§ **What the task asks**
Only the lines below from the one containing "Cozy Me Up Soldi" to the one containing "Contour Knit Warm-Up" should be repeated, both included and unchanged.

::::

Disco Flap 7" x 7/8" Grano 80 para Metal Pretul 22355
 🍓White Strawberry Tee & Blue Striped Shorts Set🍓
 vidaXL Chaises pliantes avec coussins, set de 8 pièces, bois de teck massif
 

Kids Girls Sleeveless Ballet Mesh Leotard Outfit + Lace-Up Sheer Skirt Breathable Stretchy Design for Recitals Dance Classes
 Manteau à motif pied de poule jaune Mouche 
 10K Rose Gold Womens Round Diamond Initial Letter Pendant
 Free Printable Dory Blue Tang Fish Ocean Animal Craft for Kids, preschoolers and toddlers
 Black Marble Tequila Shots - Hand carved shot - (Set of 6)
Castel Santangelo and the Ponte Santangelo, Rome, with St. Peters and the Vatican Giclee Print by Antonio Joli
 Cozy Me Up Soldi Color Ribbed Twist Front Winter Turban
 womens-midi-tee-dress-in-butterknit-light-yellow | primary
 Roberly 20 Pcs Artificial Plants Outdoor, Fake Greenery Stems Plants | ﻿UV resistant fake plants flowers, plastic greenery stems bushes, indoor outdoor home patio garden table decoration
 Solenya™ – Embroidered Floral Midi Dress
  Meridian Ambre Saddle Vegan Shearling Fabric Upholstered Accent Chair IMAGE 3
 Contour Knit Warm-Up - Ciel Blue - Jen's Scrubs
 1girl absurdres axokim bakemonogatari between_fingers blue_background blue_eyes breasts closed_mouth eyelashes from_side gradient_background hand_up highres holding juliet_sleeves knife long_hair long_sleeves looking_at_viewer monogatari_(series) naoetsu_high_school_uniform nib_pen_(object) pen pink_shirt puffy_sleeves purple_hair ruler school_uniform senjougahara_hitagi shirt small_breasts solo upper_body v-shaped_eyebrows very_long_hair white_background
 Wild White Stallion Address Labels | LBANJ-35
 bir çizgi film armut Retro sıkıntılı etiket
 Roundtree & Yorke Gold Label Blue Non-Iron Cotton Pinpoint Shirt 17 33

::::

§ **Task result**
 Cozy Me Up Soldi Color Ribbed Twist Front Winter Turban
 womens-midi-tee-dress-in-butterknit-light-yellow | primary
 Roberly 20 Pcs Artificial Plants Outdoor, Fake Greenery Stems Plants | ﻿UV resistant fake plants flowers, plastic greenery stems bushes, indoor outdoor home patio garden table decoration
 Solenya™ – Embroidered Floral Midi Dress
  Meridian Ambre Saddle Vegan Shearling Fabric Upholstered Accent Chair IMAGE 3
 Contour Knit Warm-Up - Ciel Blue - Jen's Scrubs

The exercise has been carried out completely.